The way news is reported and the movies we choose to watch play an important role in how we view the world. This week on State of Belief, Interfaith Alliance’s radio show and podcast, we’ll explore the interplay of religion and media, from the news we consume to the movies we watch.
Last weekend, hundreds of thousands of students and their supporters took to the streets across the country for the March for Our Lives. This week, the same student activists have organized a series of town hall events to push lawmakers to take a stance on gun violence prevention. William Saltzburg, who spoke with host Rev. Welton Gaddy last week before the march, will join us again on State of Belief to talk about what the experience was like – and what comes next. Will is a student from Pennsylvania and vice president for membership at NFTY – the Reform Jewish Youth Movement.

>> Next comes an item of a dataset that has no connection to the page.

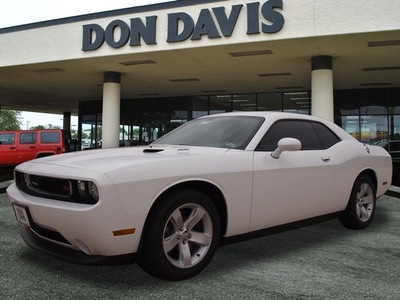dodge challenger 2013 white coupe r t gasoline 8 cylinders rear wheel drive 6 speed manual 76011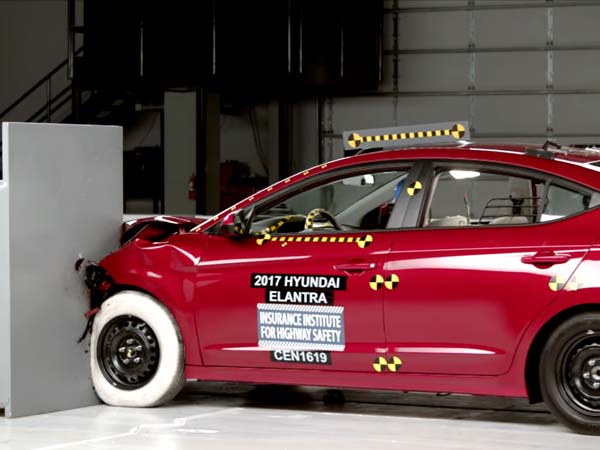 2017 హ్యుందాయ్ ఎలంట్రా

A new report from the Institute for Social Policy and Understanding backs up the perception that Muslims are treated differently in this country by both law enforcement and media. The study, entitled Equal Treatment?: Measuring the legal and media responses to ideologically motivated violence in the United States, finds that alleged perpetrators of violence who are perceived to be Muslim, including those who are not actually Muslim, often face more several legal charges, receive longer prison sentences and receive more media coverage than non-Muslim perpetrators. Study authors and Institute fellows Kumar Rao and Carey Shenkman will join Welton this week to talk about the highlights of the new report and its implications.
A few years ago, a film titled God’s Not Dead seemed to defiantly challenge not only Nietzsche, but the imaginary Atheist threat the religious right seems to believe is dominating our culture – and brought in more than $60 million doing it. But two sequels since have failed to live up to that level of success. Welton will be joined this week by Alissa Wilkinson, the film critic at Vox, to talk about the films and her new piece, The Christian movie series God’s Not Dead fails to be Christian.